I agree, I drive company cars for work, we also have Ford Fusions. I count over fifty buttons five round knobs two steering wheel stalks. It is a confusing mess. You cannot drive and operate more than half of the buttons without taking your eyes off the road.

So when people talk about how dangerous the Model 3 is because most of the functions are on the 15' screen I chuckle to myself.

Also, I agree about how slow it is, I never feel safe trying to merge into traffic. It takes forever to get up to speed.


----------



## Spiffywerks

Paul Spiers said:


> I agree, I drive company cars for work, we also have Ford Fusions. I count over fifty buttons five round knobs two steering wheel stalks. It is a confusing mess. You cannot drive and operate more than half of the buttons without taking your eyes off the road.
> 
> So when people talk about how dangerous the Model 3 is because most of the functions are on the 15' screen I chuckle to myself.
> 
> Also, I agree about how slow it is, I never feel safe trying to merge into traffic. It takes forever to get up to speed.


I basically only drove it to get home. (4-5 miles). I really have zero desire to get back into it. I'm seriously considering calling in sick mon-tues so I don't have to drive it. Lol.

Actually I think a normal ICE car would be fine.

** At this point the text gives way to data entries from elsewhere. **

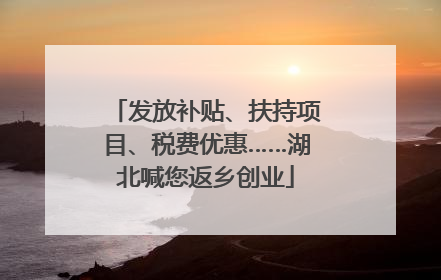发放补贴、扶持项目、税费优惠……湖北喊您返乡创业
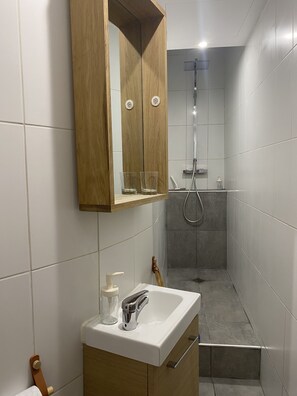 Hair dryer, towels, soap, toilet paper - Studio au Cœur de Paris (Paris)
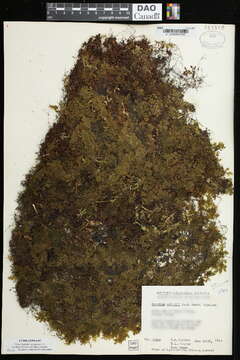 Imagem de Hymenophyllum wrightii v. d. Bosch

It's the whole hybrid thing I really hate.

You want people to go green, I get it, but give them fun too! Don't make them slower, noisier, uglier (I'm looking at you i3, Prius, Mirai!). Make them beautiful, fast, and fun to drive! You know... like a Tesla! (Bless you Elon for being a big kid who understands other big kids!)

I always believed if BMW made a fully electric 3/5 series... that looks like a 3/5 series... they would be super sellers and get tons of BMW drivers off ICE cars. But you know ga$oline companies... yeah whole 'nother can of worms.


----------



## 3V Pilot

And when all the legacy auto manufactures go down in flames their executives will be pointing to cars like this and screaming......"Look at the wonderful cars we made, why don't you love us anymore???"

It makes me laugh and think back on the days of the horse and carriage. We all see it coming but how many others do at this point?


----------



## msjulie

Generally agree but our Audi A3 e-tron is actually a non-sucky hybrid. Wish it had more battery range but it's not mine so no big deal


----------



## garsh

Mike Land said:


> And when all the legacy auto manufactures go down in flames their executives will be pointing to cars like this and screaming......"Look at the wonderful cars we made, why don't you love us anymore???"


Even though Bob Lutz is clueless when it comes to Telsa, he has had some insight into why bad cars get made.
How Bad Cars Happen: The Pontiac Aztek debacle


----------



## 3V Pilot

garsh said:


> Even though Bob Lutz is clueless when it comes to Telsa, he has had some insight into why bad cars get made.
> How Bad Cars Happen: The Pontiac Aztek debacle


Pontiac Aztec, geez, don't even get me started! When that is a product the company is proud of, well, I think it says it all.


----------



## SoFlaModel3

Your thread brings up a funny concern of mine. Tesla has ruined me (in a good way), but now I literally don’t want to drive anything else. Down the road that can be a problem...


----------



## 3V Pilot

SoFlaModel3 said:


> Your thread brings up a funny concern of mine. Tesla has ruined me (in a good way), but now I literally don't want to drive anything else. Down the road that can be a problem...


Don't worry my friend, down the road all cars will need to be as good as your Tesla or the companies will cease to exist. My crystal ball has a bright driving future ahead for you!


----------



## Spiffywerks

SoFlaModel3 said:


> Your thread brings up a funny concern of mine. Tesla has ruined me (in a good way), but now I literally don't want to drive anything else. Down the road that can be a problem...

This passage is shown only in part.